By and  on June 3, 1994

MONTE CARLO, Monaco -- When executives from Karl Lagerfeld and Elizabeth Arden gathered here last week to unveil the designer's new women's fragrance, Sun Moon Stars, they laid out a long-term goal that is as clear as a summer night: They want to have the world's best-selling fragrance.

"The number-one scent in the world right now is Tresor by Lancome," said Joseph Spellman, executive vice president of product development and creative at the New York-based Arden. "It's our ambition to see Sun Moon Stars become a more important fragrance than Tresor."

Spellman gave no time frame or volume figures. But executives indicated that the goal is over $100 million.

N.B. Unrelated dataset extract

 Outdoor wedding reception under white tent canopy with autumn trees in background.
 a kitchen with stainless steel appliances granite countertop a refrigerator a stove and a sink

The fragrance will be backed with $40 million in advertising and in-store promotion to fuel what will be the first worldwide launch for Arden and its Parfums International division, which developed the scent and will introduce it in September.

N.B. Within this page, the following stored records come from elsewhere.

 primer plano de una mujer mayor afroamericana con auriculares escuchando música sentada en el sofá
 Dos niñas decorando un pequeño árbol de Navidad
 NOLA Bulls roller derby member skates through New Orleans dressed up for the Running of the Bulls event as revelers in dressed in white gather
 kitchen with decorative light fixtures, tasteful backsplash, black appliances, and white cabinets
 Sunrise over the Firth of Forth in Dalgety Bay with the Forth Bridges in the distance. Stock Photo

While executives declined to provide numbers, sources indicate that the immediate goal for this fall's launch period is to generate more than $30 million in wholesale volume in the U.S. and an additional $20 million to $30 million overseas. "This is the first truly global launch we have ever attempted," said Arden's president and chief executive officer, Robert M. Phillips. "Essentially the product will be offered simultaneously in all our markets in the world."

Sun Moon Stars will roll out internationally in over 50 markets.

Phillips made his remarks to about 80 beauty editors attending the scent's unveiling in this Mediterranean city.

The scent, Lagerfeld's first women's fragrance since KL in 1982, comes in a distinctive orb-shaped blue bottle with moon and stars in relief and a sunburst top. The celestial symbols were hand drawn by Lagerfeld.

"It has a strange blue of a magical moonlight. This is a fragrance for modern life, an intergalactic scent," the designer said. "As the bottle is in the shape of a globe, let's hope this is a global perfume."

Lagerfeld, who says he has been obsessed with scents since he was three, compared the fragrance to "forgotten childhood, the man on the moon." But he added, "Sun Moon Stars smells of wet paper. I love the smell of good paper, which comes from wood. Not fax paper, of course."